I agree with the above posters that she needs to chill out. Re: having a wonderful husband but still be annoyed, it sounds like she is more than annoyed - she is on edge, stressed out, and his wonderfulness is being overshadowed by the things that annoy her.

I was happy to read that he helps out with chores, meals, etc. That's great for a guy who works FT with a SAHM.

Except for the shower part, I think you need to lighten up on those other things a bit. They're stressing you out, but he sounds like a great guy who probably feels that he can't do anything right to please you.


----------



## yellowstar (Jun 18, 2012)

Thanks for all the replies, yes all of them. Sometimes I need to hear it.

I know, I'm a work in progress. I am not perfect, I have issues even when I'm not pregnant such as being insecure, feeling jealous, anxiety and it goes on 

I'm trying best to manage my feelings now while PG (yes I know people have been doing it for centuries but it doesn't negate my slightly heightened sensitivity) but I guess I have to work harder at it. 

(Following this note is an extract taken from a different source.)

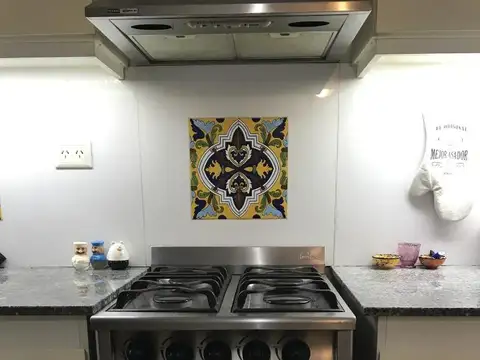 Departamento 4 ambientes con 3 baños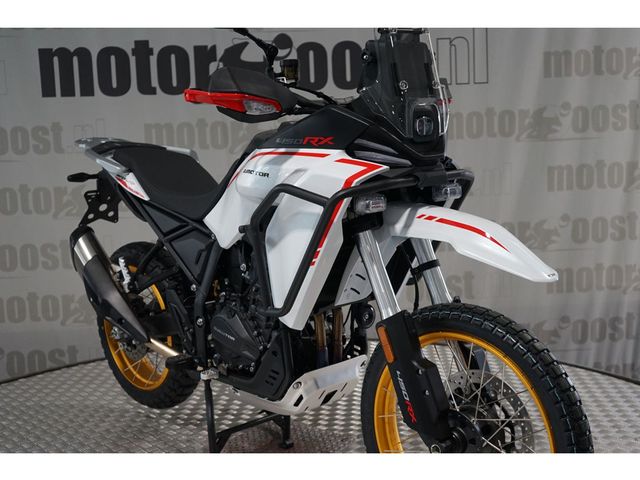 QJMOTOR - srt-450-rx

And yes you're right I WILL screw things up with my husband if I continue to act this way. I am TRYING to improve.

If you saw my other posts and know more backstory I will say tonight that I was talking to him and he remembered a text he got from a female coworker (and to share it with me), about a kids cd she wanted to borrow, so I think he *is* trying to be 100% transparent with me even though he never betrayed me (there was a recent lie about a phone call for no reason--and as we talked more I realized why he did...because I overreact for everything). So I am TRYING. This is hard for me and I'm contemplating getting IC about my issues.


----------



## Stella Moon (Nov 22, 2012)

I was referring to webeogtogether's post...I felt it was harsh on yellowstar...
That was my take.

I think yellowstar is stressed and just needed to vent...


----------



## yellowstar (Jun 18, 2012)

Stella Moon said:


> I think yellowstar is stressed and just needed to vent...



Yes, thank you so much for listening. Sometimes writing this out and hearing what others (yes all opinions) really are helpful to hear and help me in the process of working on my own issues. I sincerely appreciate the 'digital ear' :thumbup::toast:


----------



## MyrnaLoy (Apr 23, 2013)

I get where you're coming from and I think it requires a change in how you view your world and what your priorities are. It requires some work, but it will help if you value your husband's downtime as much (or more) than you value your to do list. Getting things accomplished is great, but he should be able to relax without you resenting him for it. Maybe you could even take a time out and relax with him. Those are the moments that are worth living. If life was just an endless list of things to get done it would be rather dreary.  give him a break, give yourself a break, and realize that if everything doesn't get done right away, the world will not fall apart. 

Because life will just keep getting busier with more kids-- and that's a good thing. Enjoy it!
_Posted via Mobile Device_


----------



## EleGirl (Dec 3, 2011)

I agree that you need to chill and stop nagging him. But I also agree that you have every right to be annoyed by some things.. leaving clothing on the floor and not bathing/showering enough (being stinky).

So how do you balance those two seemingly contradictory points of view.. both valid?

These things that annoy are called "love busters". They can actually ruin an otherwise good marriage. There are two books linked to in my signature block below that I think will help you. Start with "Love Busters" read it and then get your husband to read and work on it with you. Then after that do "His Needs, Her Needs".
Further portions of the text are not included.